Tuesday, April 23, 2013
I'm a stress eater.
Yesterday I received two big emotional whammies and since then I have really been struggling to stay out of the junk food.
I'm really tired right now because I couldn't sleep last night.
I got up at 2:30AM this morning and when I dozed off again some time around 6AM, I had a nightmare that woke me up again right away.
I think it's time for a walk.
(edit: I got ready for the walk but it's started storming.
I think I'll settle in and watch a good chick flick or comedy and laugh.)
Friday, April 19, 2013
I read a blog today titled "Poll: Are Negative Usernames Helpful or Self-Defeating?"
I agree that negative usernames can work against us.
This blog has to do with something subtle that I picked up on in that blog. The fact that the blogger included the names "FATGIRL" and "IMSOFAT" in the same category as "UGLYME", although the people who chose these usernames may, indeed, have felt negatively about themselves, caused me to think about the general hatred in our society toward fat people.
I sometimes refer to myself as fat, but I see it simply as a fact, rather than something that has negative emotions attached to it anymore.
As I said in my last blog entry, for years I hated my body, but when I suddenly realized that my body had showed up every single day to faithfully serve me despite the harsh conditions I had subjected it to (anorexia, bulimia, and compulsive overeating), and that it had done so for over 50 years, my point of view suddenly changed, and I took compassion on my body.
Now, although I admit that I am fat, I also love my body for its faithful service to me, and I treat it as well as I can every day. Since I started to doing that, the weight has begun to fall off without the emotional struggle with food that I always had.
I hope that the hatred of fat people will stop and that we will begin to see their bodies as amazing and faithful servants, just like the bodies of thin people. After all, body is a body, whether fat or thin, and it is designed to walk, talk, sit, stand, sing, dance, play, work, hug, and do all kinds of AMAZING things.
I hope America can get past this hatred of fat people because it really doesn't help anyone.
So hug a fat person today and tell them how amazing their body is!
Perhaps it will help us all realize that when it all comes down, a body is just a body, and we all need to be loved and accepted.
Thursday, April 18, 2013
I think I'm doing well. I am pretty sure I have already reached my first goal of 5 pounds and will be starting another weight loss ticker when I weigh in on Sunday.

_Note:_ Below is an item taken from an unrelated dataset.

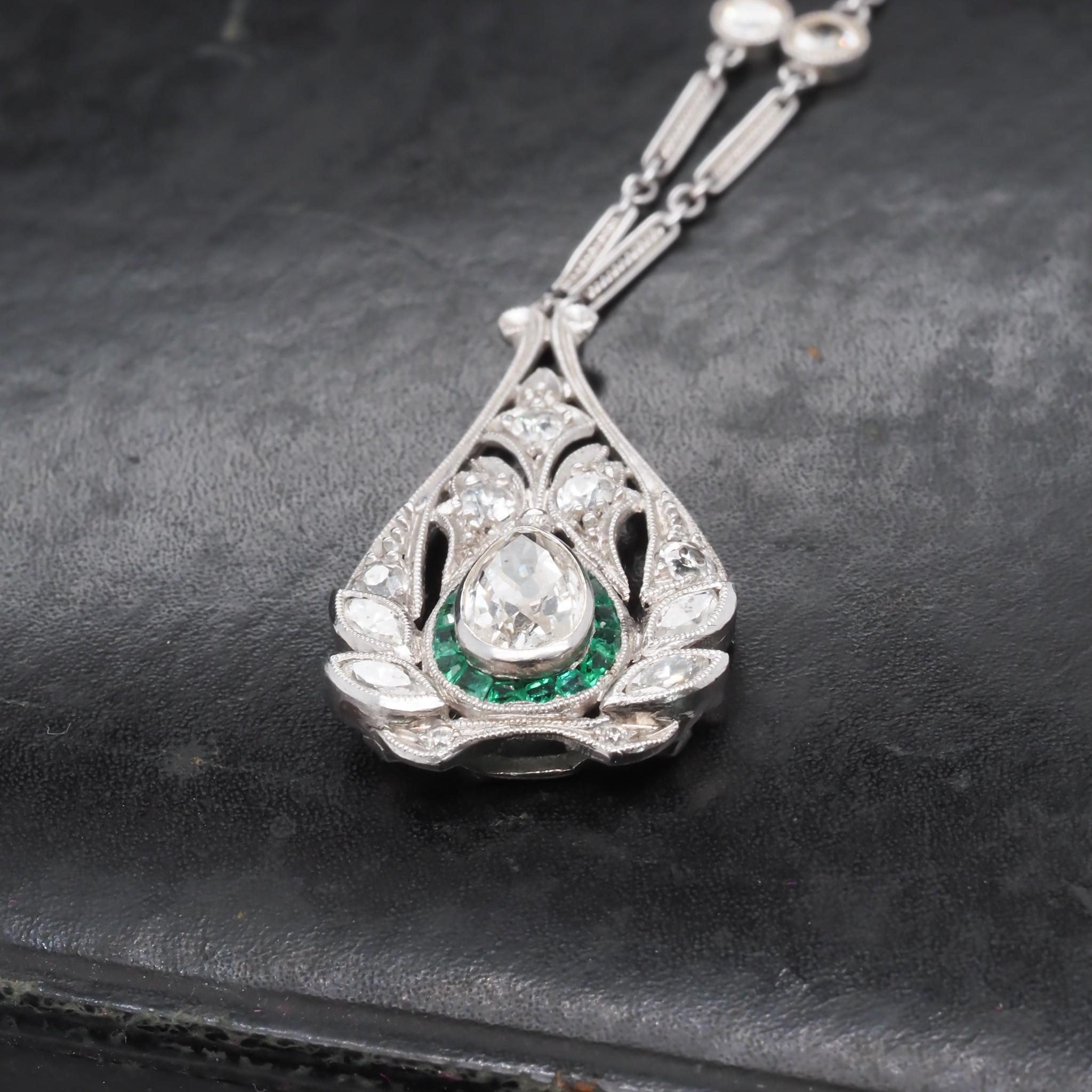 Platinum Antique Pear Cut Diamond and Emerald Necklace with Diamond For Sale 1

My greatest accomplishment, though, has been in my ability to love myself as a fat person.
I have always been a perfectionist and so have been very harsh with myself if I didn't do everything perfectly. Just recently, though, I suddenly realized that my body has been my faithful servant for my entire life. It has served me faithfully, performing every task that I have demanded of it, to the best of it's ability, every single time, without hesitation, and under very harsh conditions and even abuse. I have forced it to eat foods that were not good for it, forced more food on it than it needed, withheld food from it for days and weeks on end, forced it to eat far too much food and then forced it to get rid of that food in the most violent ways, and then forced it to exercise under extreme stress. And still it has shown up every single day for more abuse to perform to the best of its ability for over 50 years.

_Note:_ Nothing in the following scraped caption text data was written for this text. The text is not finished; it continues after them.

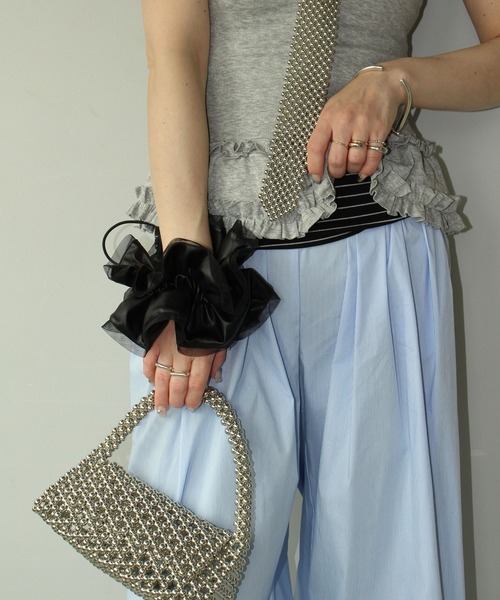 MAISON CHUCLLA（メゾンチュクラ）の「【MAISON CHUCLLA】チュールコンビ レザーライクシュシュ chaj25s01（シュシュ・レディース・ブラック・FREE）」の16枚目の写真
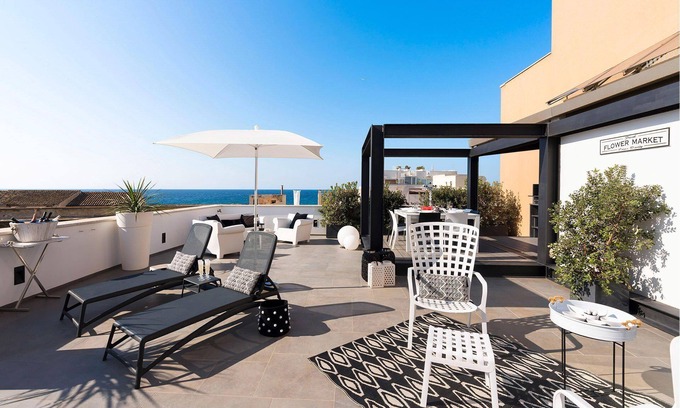 Trapani City Centre House | My Rental Homes - Dimora Simona with panoramic terrace and views of sea and Dome.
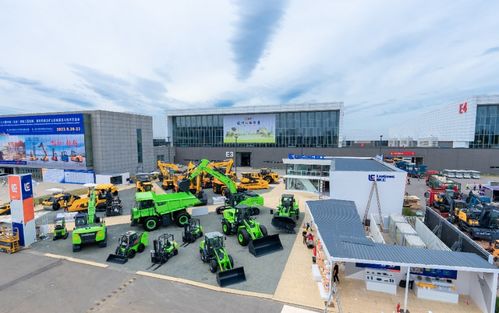 匯聚全新發展勢能，柳工攜全系列產品亮相BICES 2023網絡技術服務專場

When I realized that, I took compassion on my body and changed the way I view myself. And I began to love myself.
Now, I CAN lose weight without all the emotional struggle with food that I have had all these years because I want to be kind to my faithful servant. After all, it deserves it for all it has done to take care of me.
So yeah, I may have only lost about 5 pounds so far of the 80 I need to lose, but the progress I've made in loving my body for the first time in my life is HUGE!
LOVE makes all the difference in the world.
Thursday, April 18, 2013
As I said in my last blog, "This party needs more depth of character...a purpose...because a party for the sake of a party isn't enough to carry me through this weight loss. "
And then came the horror of the Boston Marathon bombing.
I wish it had never happened. I wish so many people were not grieving today. I wish I could somehow turn back time and undo it all. And I'm sure everyone else who didn't plan and carry out this attack and others like them do too.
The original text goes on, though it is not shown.